Prep Time: 5 minutes

Cook Time: 5 minutes

Total Time: 10 minutes

Serves you.

Elbow Macaroni with Comté Cheese and Baby Spinach Recipe

Ingredients

  • 100 grams (3 1/2 ounces) elbow macaroni
  • Fine sea salt
  • 2 handfuls baby spinach leaves
  • 40 grams (1 1/2 ounces) comté cheese (substitute gruyère cheese or parmesan)
  • 1/2 teaspoon salted butter
  • Freshly ground pepper and nutmeg

Instructions

  1. Pour four cups fresh water and a teaspoon salt in a medium saucepan, and bring to a boil. Pour in the macaroni and cook for the amount of time given on the package, or until al dente.
  2. While the pasta is cooking, grate the cheese coarsely using the large holes of a cheese grater.
  3. Rinse and dry the baby spinach leaves, then chop them roughly.
  4. When the pasta is done, drain and transfer to a bowl.
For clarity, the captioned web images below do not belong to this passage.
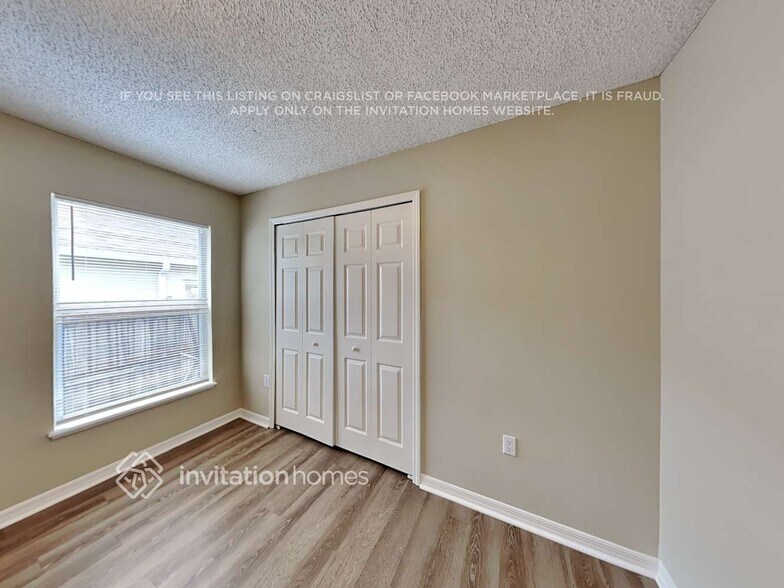 Building Photo - 16015 Buxley Ct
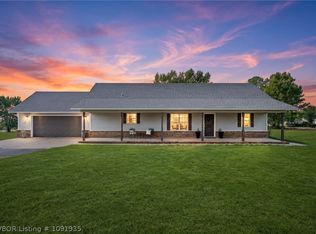 11206 N Highway 348, Mountainburg, AR 72946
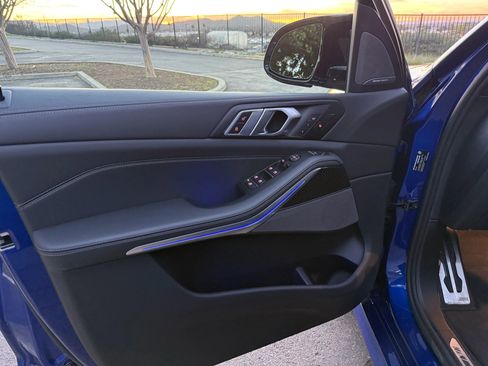 Used 2026 BMW X5 M60i image 25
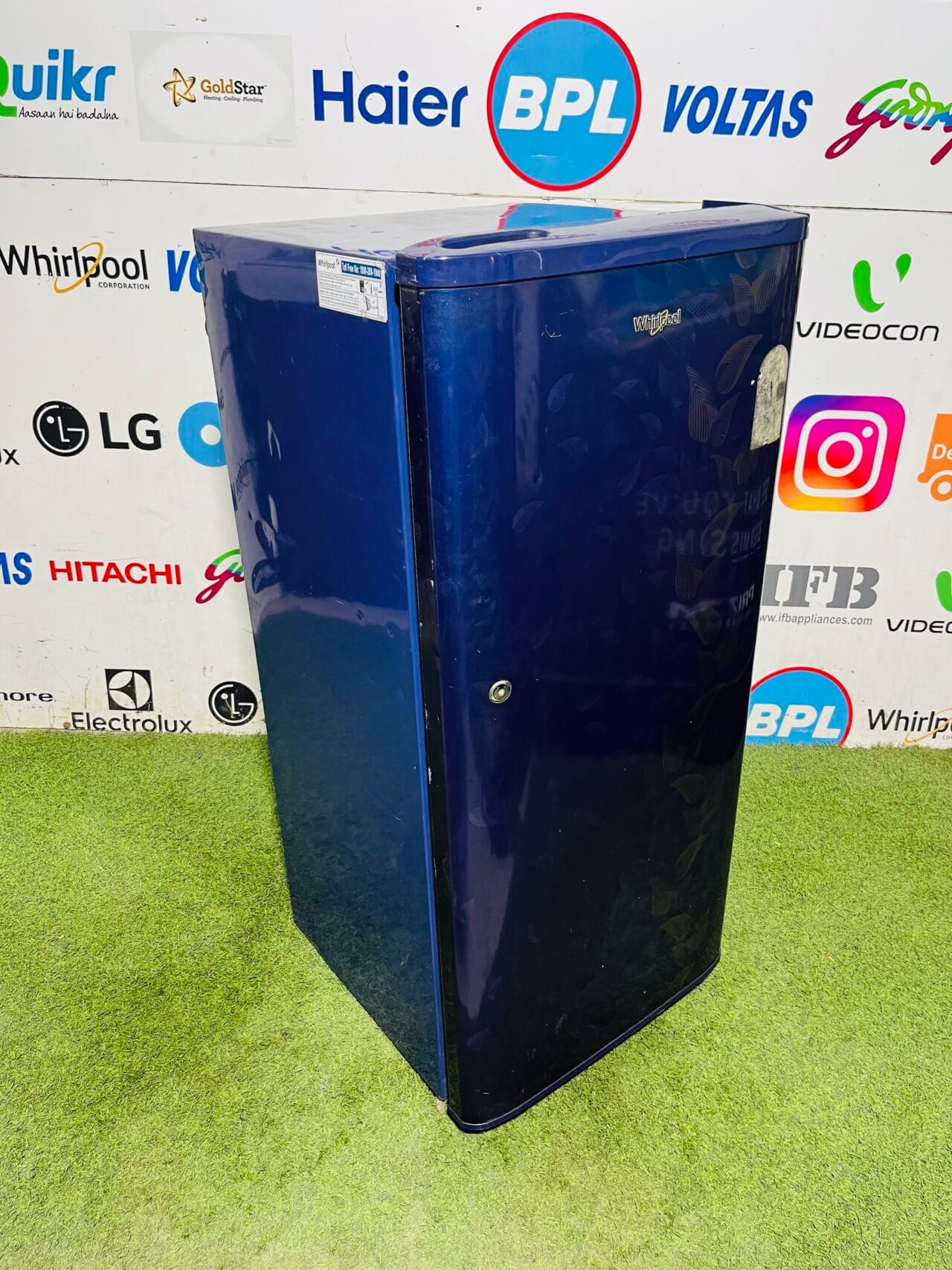 Whirlpool 4 star energy rating inbuilt stabiliser blue flower model 190 ltr gently used single door refrigerator - Image 4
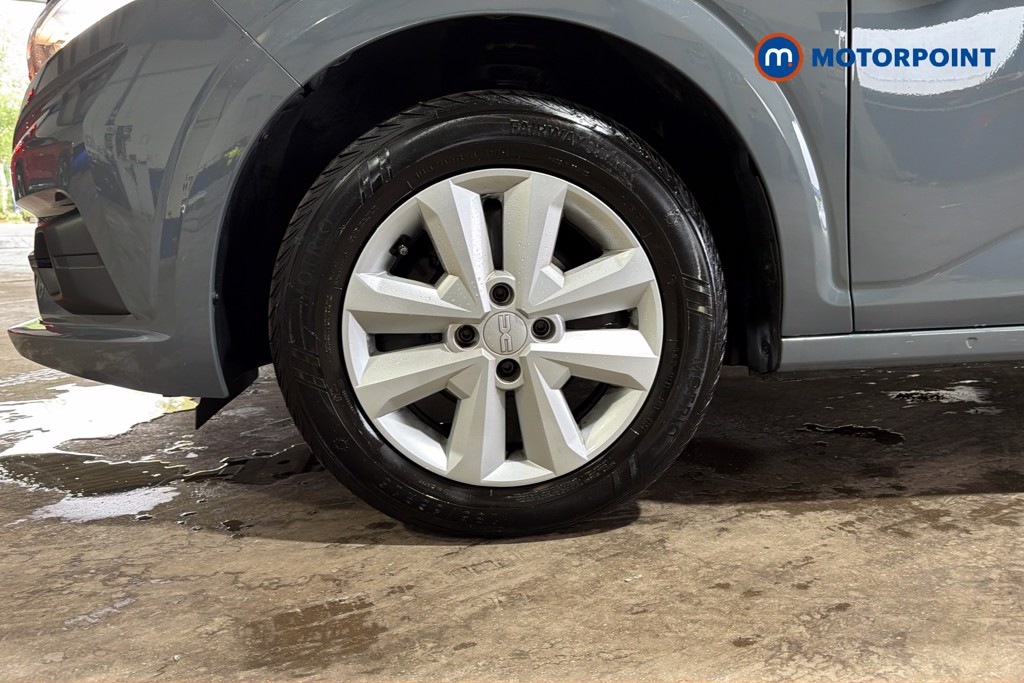 Dacia Sandero Expression Manual Petrol Hatchback - Stock Number (1633477) - 47th supplementary image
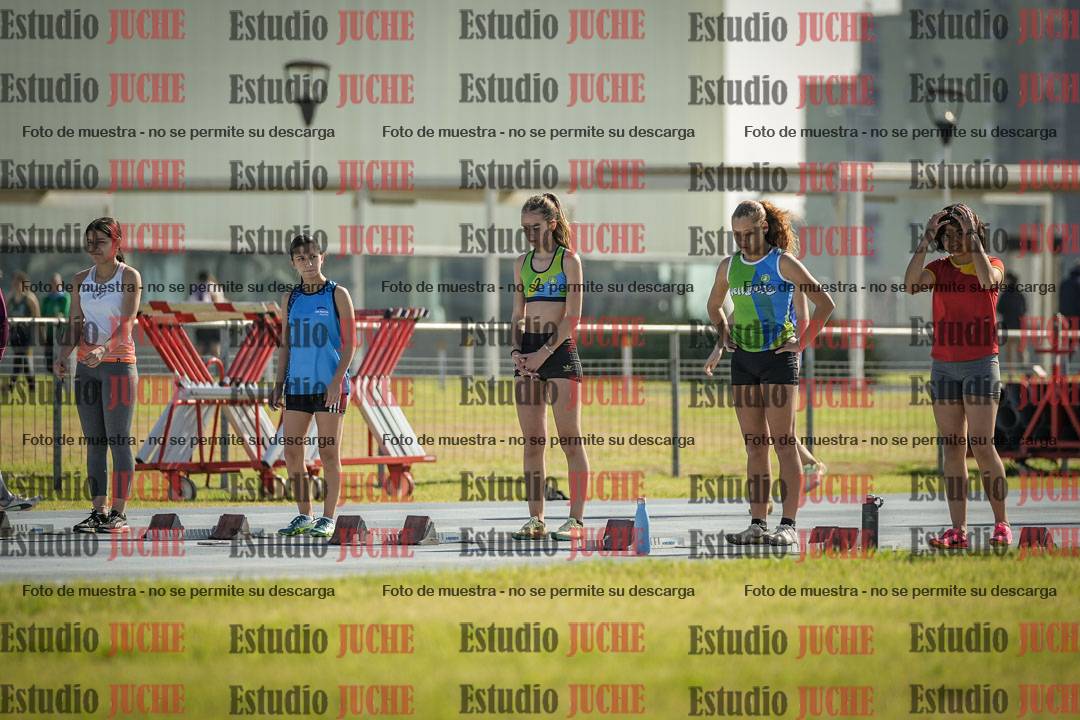 Fotos de los 80 m llanos de mujeres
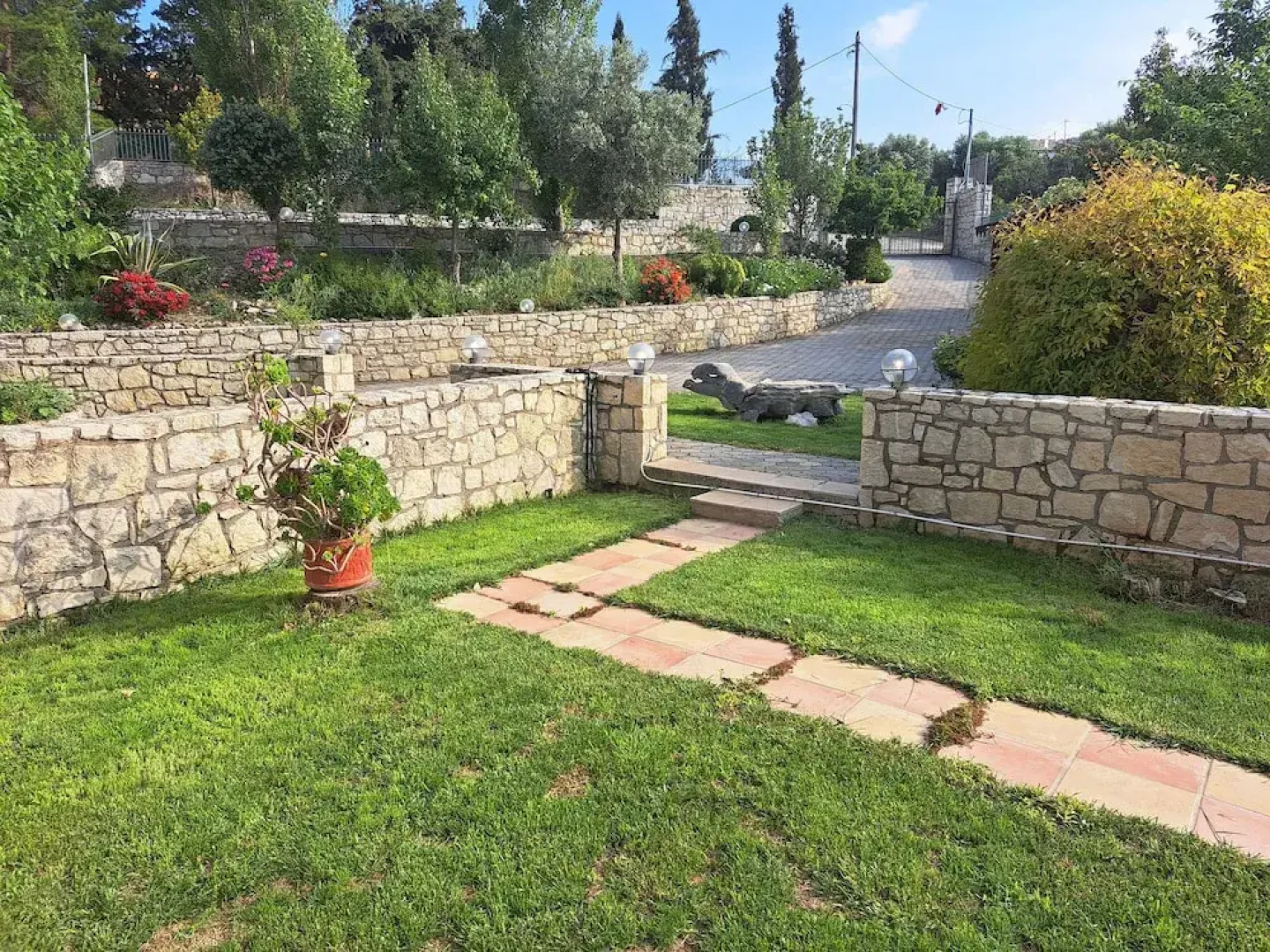 EXPLOR Mansion - Inclusive Experience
Add in the butter and spinach, season with salt, pepper and a dash of nutmeg, and toss to coat.
  5. Top with cheese and toss just a little to combine -- you don't want the cheese to melt too fast.
  6. Throw in a spoon or fork, press "play" on the DVD player, and dig in.

Notes

Tip: While the pasta is cooking, pour half a cup of very hot water (but not boiling) in the bowl you're going to use. This will heat up the bowl and help keep the pasta warm while you eat it. Discard the water just before you put the pasta in the bowl.